# Shimano Nexus Inter 4 Shifter



## chuzz (Apr 16, 2019)

I'm not sure if this is where I need to post, but figure a mod can move it if needed. I was gifted an Esquire Nexus bicycle recently. Last week, I decided to put new tires on it as the ones on it were dry rotted. After getting the tires on it and the wheels back on, it wouldn't shift. I only have one gear and am not sure which one it is. This bike has a Shiman push button shifter with a lever under it. The hub is an SG-4R31. All I can figure is the lever under the shifter changes the hub gear and the push button shifter changes gears up. So, to upshift, you push the button and the gears get higher, to downshift, you hit the lever. I took the danged push button shifter apart and now I can't get it put back together correctly. Do any of you know of a site where I can find a schematic break down of how that shifter goes back together properly.
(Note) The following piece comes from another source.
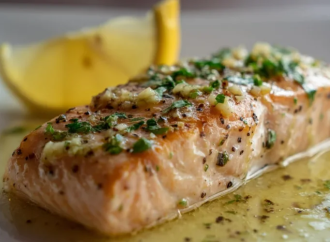 5 salsas llenas de sabor para un salmón al horno perfecto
I THOUGHT I had it right, but I still can't change gears on this bike. It's very nice bike and I love the way it rides, but I can't change gears and am peddling constantly to go anywhere. Please help me if you can. Thanks.


----------



## jimbo53 (Apr 16, 2019)

Most of the members here are of the single speed variety bike experts, but this link to Sheldon Brown's website might be helpful. 
https://sheldonbrown.com/nexus4.html
Good luck and welcome to the CABE!


----------



## chuzz (Apr 16, 2019)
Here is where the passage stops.